Thursday, June 24, 2010

How Focus on the Family is Losing Their War Against Familes


A CULTURE OF DEFIANCE: History of the Reform-Conservative Party of Canada

For more than three decades, James Dobson and others like him have been touting the same message. Only nuclear families are legitimate and any other family structure is detrimental to children. As we see in the video, they cherry pick or distort legitimate studies to try to prove their point.

But as suggested, gay and lesbian parents have to work harder to have a family, so there are no "accidents". They are not as a rule "teen" parents and when they apply for adoption, as with any other applicants, must prove that they can provide a stable and loving home.

In his book the Rights Revolution, Michael Ignatieff discusses family issues:

What conservatives see as the collapse of the family, liberals view as its mutation into new forms. Nowadays, there are many types of good parents and many types of good families: nuclear, extended, single-parent, same-sex. The fact that there are many types of families does not mean that there are no longer any fixed standards about what a good family is. The test of goodness is loose but evident: it's a community where each member receives and displays lifelong moral concern for the well-being of everyone else .... an enduring moral commitment.

A child needs to feel that her development matters intensely to another person, and that this person will stay the course with her to ensure that she develops as best she can. What a liberal insists upon is the idea that it is possible to reconcile a commitment to absolute standards of care and responsibility in family life with a faith that these standards can be met by a wide variety of persons and a wide variety of possible family forms.

So-called family values, as propagated in the rhetoric of North American popular entertainment, pulpit sermonizing, and political homily, are a downright tyranny. They make people feel inadequate, ashamed, or guilty about their inability to conform to what is in fact a recent, post-war suburban norm of family domesticity. (1)

That's what defines a family, not it's structural makeup. By hammering the idea that a child can only develop properly with a married mother and father, risks making some children feel inadequate, not in the home but within society. Because what children of "family values" parents hear at home they will repeat on the schoolyard or playground.

Most Christians, whether on the left or the right, will agree that children are a gift from God, so why can't they accept that maybe he (or she) just chooses a variety of gift wrapping?
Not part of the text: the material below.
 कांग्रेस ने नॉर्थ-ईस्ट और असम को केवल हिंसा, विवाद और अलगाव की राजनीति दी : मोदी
The results of a study on children raised by lesbian couples finds the opposite to what Dobson preaches:

A study that has been following children raised by lesbian parents for the past 24 years has concluded that not only are the children healthy, they’re generally smarter, nicer and better behaved than those raised by male-female couples.

The results of the US National Longitudinal Lesbian Family Study were published today in Pediatrics magazine and found that “daughters and sons of lesbian mothers, all conceived through donor insemination, were rated higher than their peers in social, academic and overall competence, and lower in aggressive behaviour, rule-breaking and social problems, on standardised assessments of psychological adjustment”. While there have been many studies about the children of gay and lesbian parents, this is the first one to follow children from conception through adolescence. (2)

This doesn't mean that we should aspire to having all children be raised by two moms, only that it's OK for children to be raised by two moms, or two dads, or one mom or one dad, or any other combination. And to do that we need to redefine "family values".

We need family values all right, but the ones we actually need must be pluralistic. We need to understand that the essential moral needs of any child can be met by family arrangements that run the gamut from arranged marriages right through to same-sex parenting. Nature and natural instinct are poor guides in these matters. If good parenting were a matter of instinct, families wouldn't be the destructive institutions they so often are. It is frequently the case that perfect strangers turn out to be better parents or step-parents than natural ones.

... The point is not to invalidate one type of parent. Instead, it is to insist that ideology will not help us here: if we insist that one category or type of parent will always do a better job than any other, we are certain to be wrong. Same-sex parents have taught us that there is no necessary relationship between heterosexuality and good parenting. The question to be asked in every case is not what kind of sexual creatures these parents are, or even what kind of biological or other relationship they have to these children, but what kind of parents they are. The test of goodness here is the capacity for sustained moral concern and to be willing to make reasonable sacrifices for the sake of children's interests. (1)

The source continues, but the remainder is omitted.